Eso también influye. Precisamente lo peor de montar una ópera es la dispersión, la falta de unidad. Cuando se consigue un elenco compenetrado es excepcional; pero es muy difícil, porque cada uno va por libre y es inevitable que a algunos les interese más ir por la pasta sencillamente. Se crean fricciones, y muchas veces me he planteado: ¿qué hago yo aquí?
También le habrá pasado en otros géneros, incluso se habrá mareado un poco con su doble papel de actor y director.

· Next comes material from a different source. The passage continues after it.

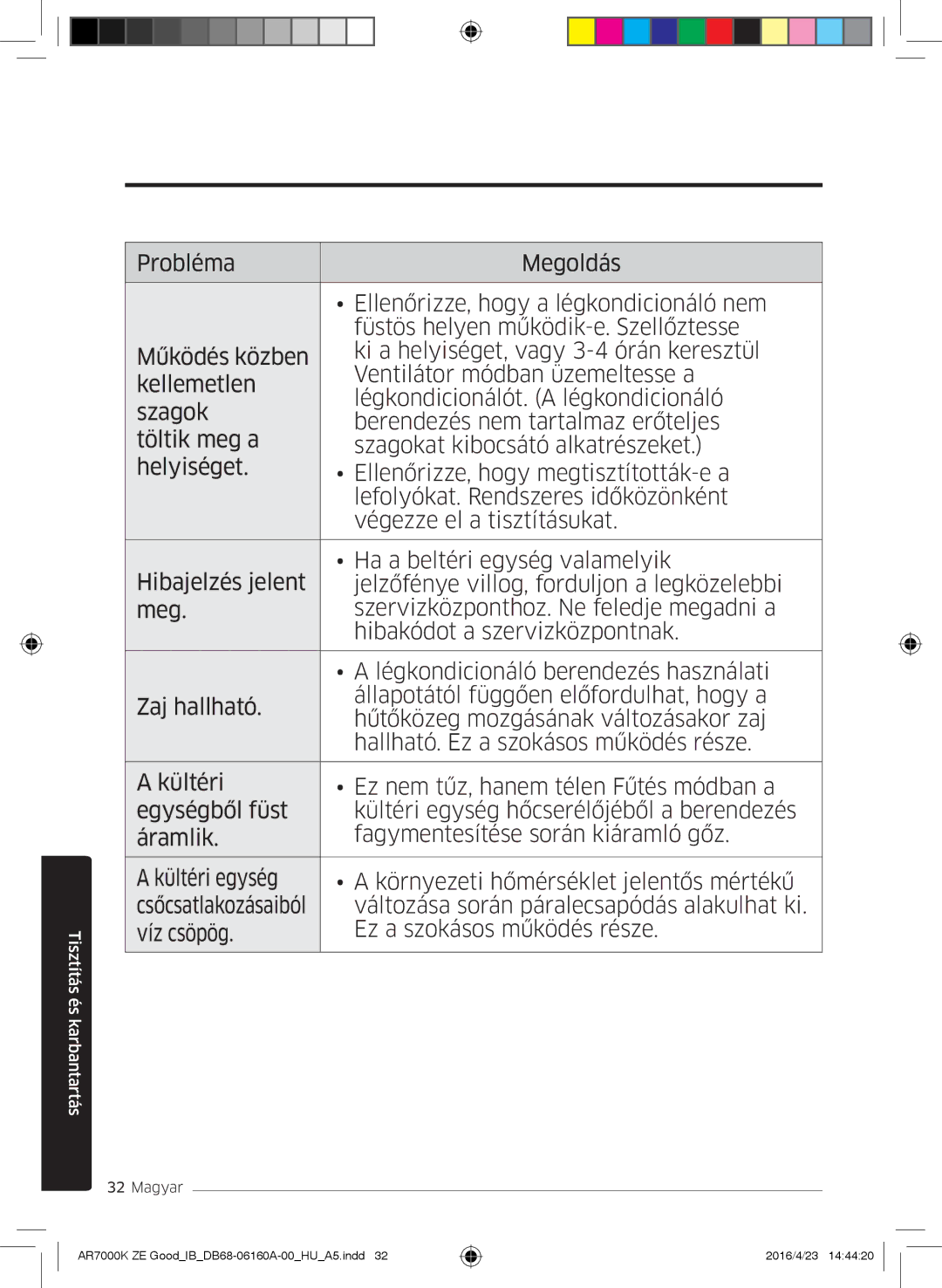 Samsung AR12KSWNAWKNET, AR09KSWNAWKNET, AR09KSWSBWKNZE, AR12KSWSBWKNZE manual Csőcsatlakozásaiból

Últimamente quiero interpretar más. Disfruto, sencillamente, y me planteo que por qué no lo hago más con todo lo que disfruto. El actor se desahoga más, explota, mientras que el director debe controlar. De todas formas, para las dos cosas me sirve mucho estar cerca de los actores y no perder las ganas. Entrar en escena siempre te refresca.
O te crea más conflictos.
Las neurosis de los dos son distintas. Dirigir es un vértigo, crea inseguridad por las decisiones que debes tomar. Debes encontrarte en un estado constante de creatividad y excitación. Te mueves entre el miedo, el placer y el dolor, y además cuenta con un plus: eres el responsable de todo el grupo.
Usted le da a todo, además: autores contemporáneos, musicales, clásicos. Ahora vuelve con la 'Orestiada', de Esquilo
Es mi primer clásico griego, pero, como digo, a todo cerdo le llega su San Martín. Pero lo cambiaré por la ópera que quiero montar ahora, Auge y caída de la ciudad de Mahagonny, de Bertolt Brecht y Kurt Weill, una mezcla explosiva para una obra que trata de cosas tan tangenciales como el capitalismo, por ejemplo. Es una prueba pura de la vitalidad de las vanguardias de principios del XX y que demuestra que los primeros que fueron surgiendo eran los mejores, como es el caso de Brecht y Weill, que convirtieron su arte en algo desbordante. Es una oportunidad fantástica para tirarse a la piscina, porque, mira, la vida es aleatoria, el arte también, ¿para qué frustrarnos?